I find myself simultaneously drawn to and repelled by the sheer quantity of man-made objects in this world.
Do you know what I mean?
To start off the experiment that is Jessica Williams' one year exhibition at House of Foundation, she presents three installations of recent artists' books, a site-specific wall painting, and a reading room with titles from Good Press.
Artists' books, at their best, are a medium like no other. Piles of paper are transformed through repurposed obsolete office technology and the human hand into artworks in and of themselves. The container and content are one: accessible to both the creator and consumer. From seemingly nothing special emerges an affordable, intimate and tactile object that you can hold in your hands, stow away in your pocket or under an arm, and consume equally well in public or in utmost secrecy. What else is so portable and free, full of determination and vision, and mutable enough to both embrace and break conventions? Free of targeted advertisements and mindless scrolling, artists' books are a physical reminder of the vast, complex and sensual world from which they derive.
pile, 2022
Made for the opening exhibition at the National Museum, this work is a meditation upon physical prints, the past, the future, and artistic value. Fill out a card, make a book.
Reimagining the data center as mycelium, 2021
A multifaceted work reimagines and draws lines between a proposed Google data center in a forest in Grenland and complex underground webs of mycelium, both of which are simultaneously gargantuan yet hidden from view and thus difficult for humans to grasp the sheer size of.
The physical presentation of the non-book part of this work has changed every time it has been exhibited. The current iteration recycles a large scale vinyl print last shown at the 2022 Vårutstilling paired with abstracted 3D-prints of mushrooms grown by the artist.
It me, 2019
A subjective survey of online identity politics in a format we all have a personal relationship to. Sit down, relax, and deep dive with me into a decade worth of screenshots.
Jessica Williams (b. 1986, Anchorage) is a conceptual artist and publisher whose vast practice hinges on the act of seeing. Her works, often collective and collaborative, beg the audience to reconsider that what they do not or cannot see in their everyday lives.

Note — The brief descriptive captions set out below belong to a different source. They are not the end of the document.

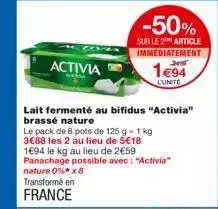 Lait Fermenté Au Bifidus "activia" Brassé Nature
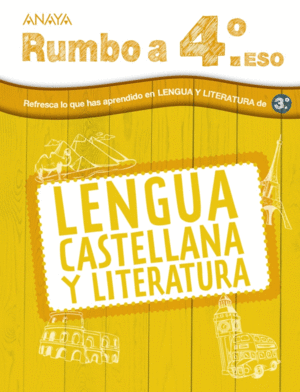 VACACIONES RUMBO A... 4ºESO LENGUA (3ºESO)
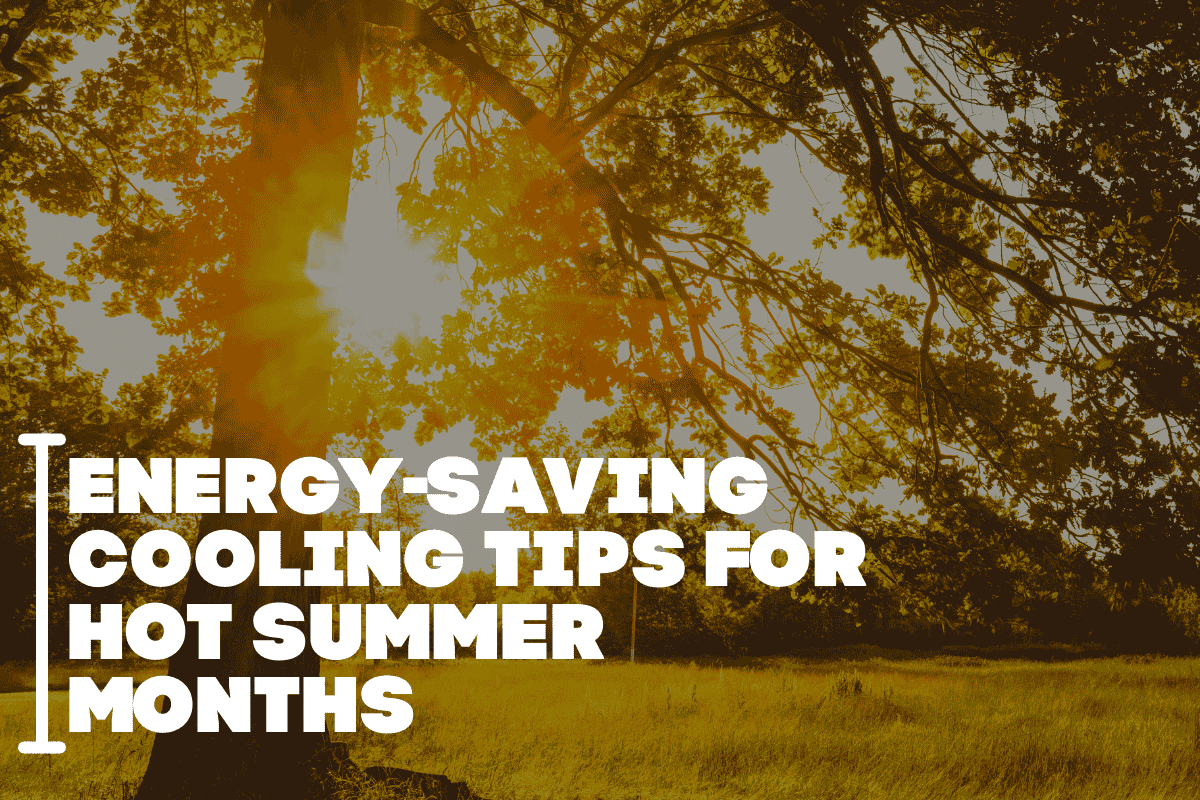 Energy-Saving Cooling Tips for Hot Summer Months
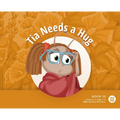 Tia Needs a Hug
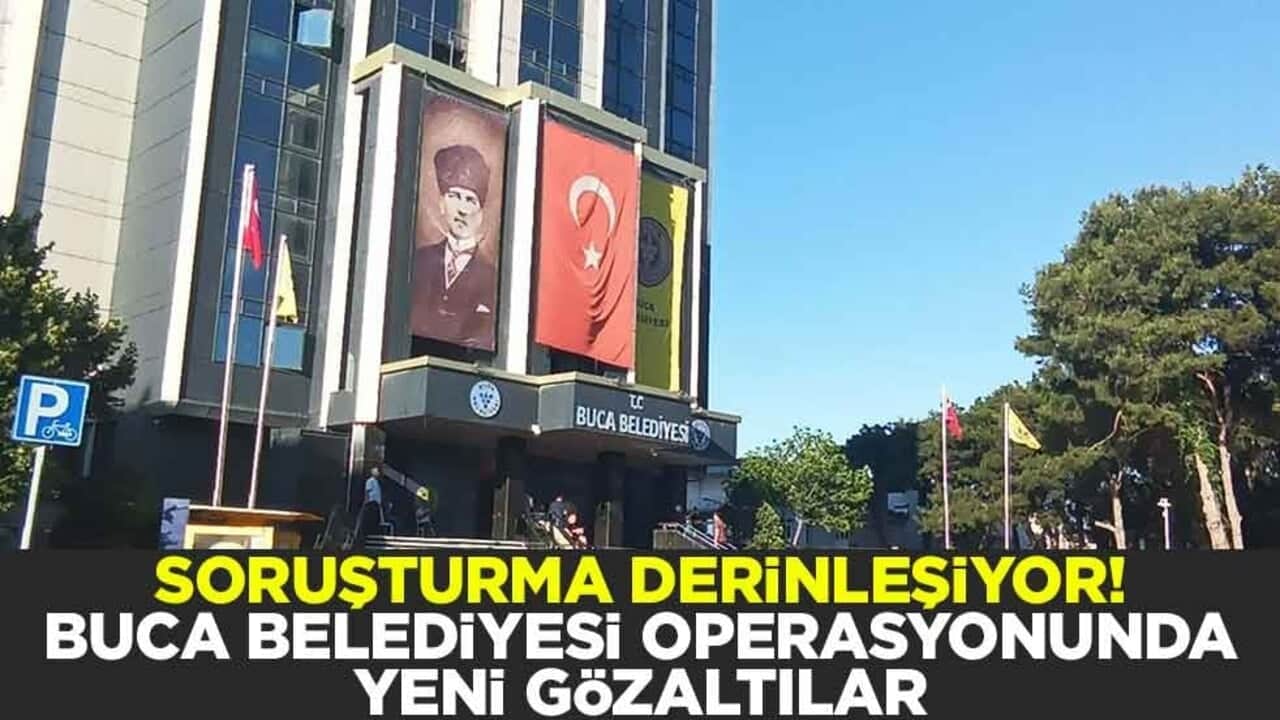 Soruşturma derinleşiyor! Buca Belediyesi operasyonunda yeni gözaltılar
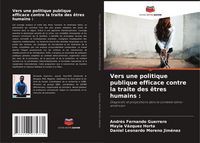 Produktbild: Vers une politique publique efficace contre la traite des &ecirc;tres humains :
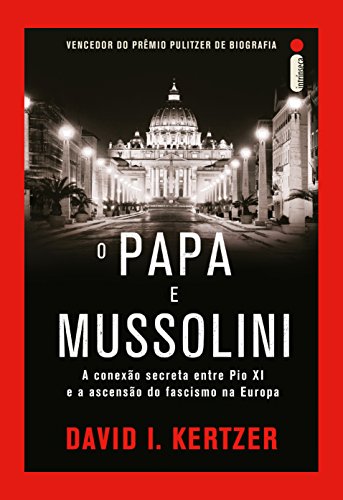Capa do livro: O papa e Mussolini - Ler Online pdf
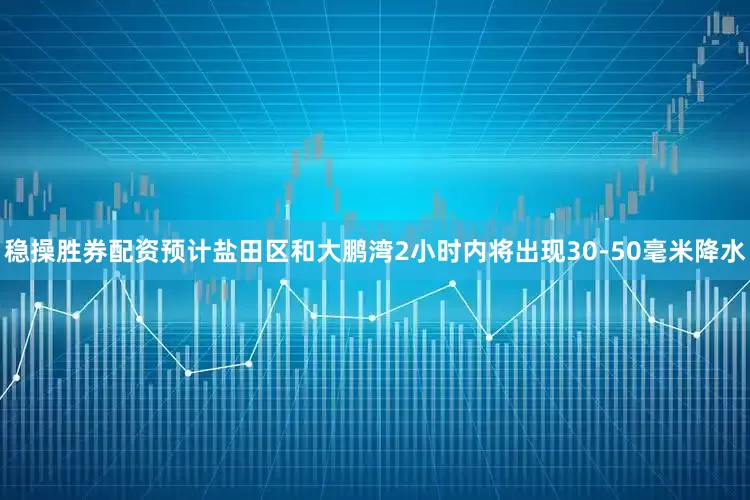稳操胜券配资预计盐田区和大鹏湾2小时内将出现30-50毫米降水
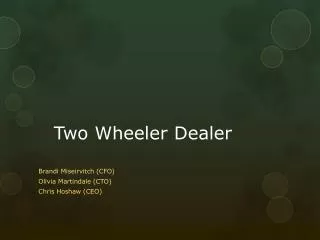 two wheeler dealer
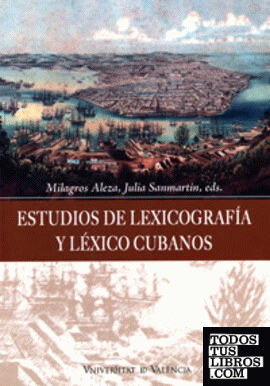 Estudios de lexicografía y léxico cubanos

She has worked with everything from self-publishing and experimental artist books to photography and virtual reality, and is especially interested in intimate and haptic experiences.
Lately, Williams has worked with an experimental exhibition that spans over an entire calendar year at House of Foundation in Moss and is concerned with publishing, community, and identity. She has previously worked with strange bits of ocean plastic foraged in the inner Oslofjord that look like bits of real rock, and investigated the connection between mycelium and data centers: both of which are gigantic, invisible and affect us more than we know.
The publications and works in this exhibition were made thanks to the financial support of Fritt Ord, Grafill, Nasjonalmuseet and Arts and Culture Norway: Project Support and the Pilot for the distribution and display of artists' books.